* Supplied records:
----------
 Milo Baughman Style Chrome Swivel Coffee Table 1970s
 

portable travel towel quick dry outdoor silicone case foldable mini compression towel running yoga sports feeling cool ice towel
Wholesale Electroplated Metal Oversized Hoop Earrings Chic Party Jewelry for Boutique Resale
----------
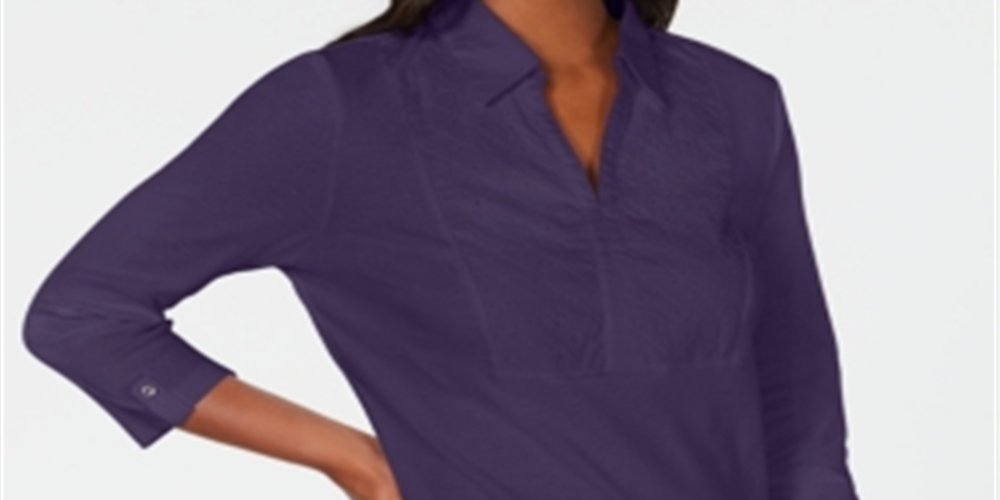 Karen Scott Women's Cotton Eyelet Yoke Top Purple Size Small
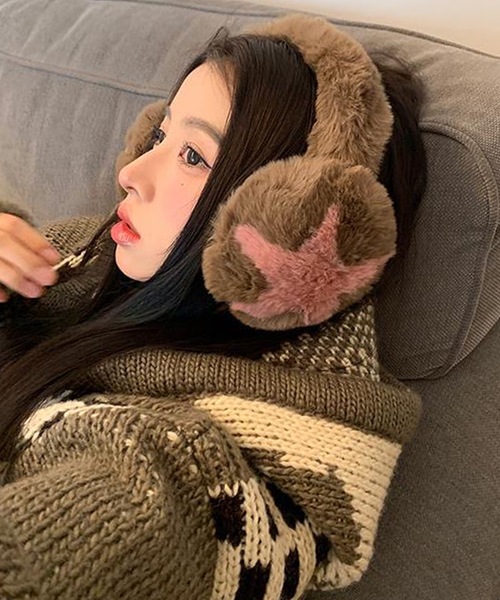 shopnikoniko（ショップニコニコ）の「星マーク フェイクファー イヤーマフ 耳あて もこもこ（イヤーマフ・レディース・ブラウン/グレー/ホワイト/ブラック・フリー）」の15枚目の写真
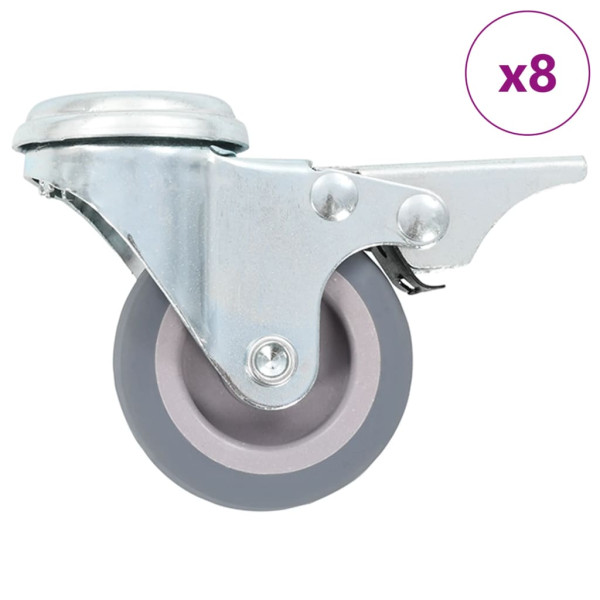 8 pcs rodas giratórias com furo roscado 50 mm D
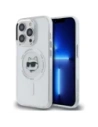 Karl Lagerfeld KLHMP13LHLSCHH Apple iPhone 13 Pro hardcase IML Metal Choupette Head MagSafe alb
----------
* What you will do:
Your answer should consist of the lines above between those holding "shopnikoniko（ショップニコニコ）の「星マーク フェイクファー イヤーマフ" and "Karl Lagerfeld KLHMP13LHLSCHH", inclusive, reproduced word for word and without pictures.

* Exercise result:
 shopnikoniko（ショップニコニコ）の「星マーク フェイクファー イヤーマフ 耳あて もこもこ（イヤーマフ・レディース・ブラウン/グレー/ホワイト/ブラック・フリー）」の15枚目の写真
 8 pcs rodas giratórias com furo roscado 50 mm D
 Karl Lagerfeld KLHMP13LHLSCHH Apple iPhone 13 Pro hardcase IML Metal Choupette Head MagSafe alb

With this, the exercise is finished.